Giles Linnett Barrett (b. c. 1744 - d. 18 November 1809) was an English actor who came to the United States in the 1790s, and was most popular in Boston.

==England==

In England, Barrett was the manager of the Norwich Theatre in the 1780s and was married to the daughter of a Norwich alderman. He later left his wife and travelled to America with a second wife. He was also, at some point, the manager of what may have been the Theatre Royal, Exeter.

==America==

Barrett had his American debut in Boston on 28 December 1796, playing the role of Ranger in The Suspicious Husband (a 1747 play by Benjamin Hoadly). He first appeared in New York at the John Street Theatre in August 1797, playing the role of Don Felix in The Wonder (a 1714 play by Susanna Centlivre). He managed the Federal Street Theatre in Boston circa 1798 until it was destroyed by a fire in February 1798. He briefly returned to managing the theater in 1799 after it was rebuilt, but the season was not a success.

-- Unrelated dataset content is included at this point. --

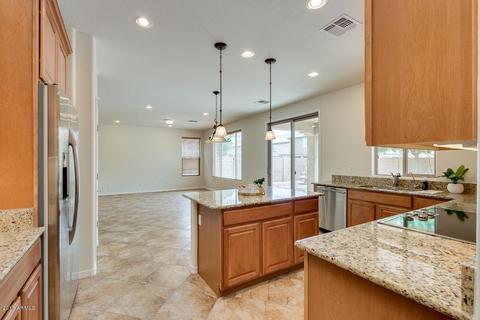 10853 E Storia Ave, Mesa, AZ 85212 photo 12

In late 1798, Barrett wrote to U.S. President John Adams for assistance. Barrett notes therein that Adams had seen him perform the role of General Warren in Bunker-Hill, a 1797 play by John Daly Burk, and was "induced to hope, my humble exertions may still Live in Your Memory." When Adams had seen the play in New York and been asked his opinion afterward by Barrett, Adams replied "My friend, General Warren was a scholar and a gentleman, but your author has made him a bully and a blackguard." This was likely a political reaction to the play, not Barrett's performance. Barrett also reports in his letter to Adams that he had been forced to " support my family by the exertion of my talents in the Science of defence"; Barrett was an accomplished fencer.

Barrett died in Boston on 18 November 1809 at age 65. His second wife ("Mrs. Barrett") was also an actor and died in Boston in 1832. Their son George Barrett was also an actor.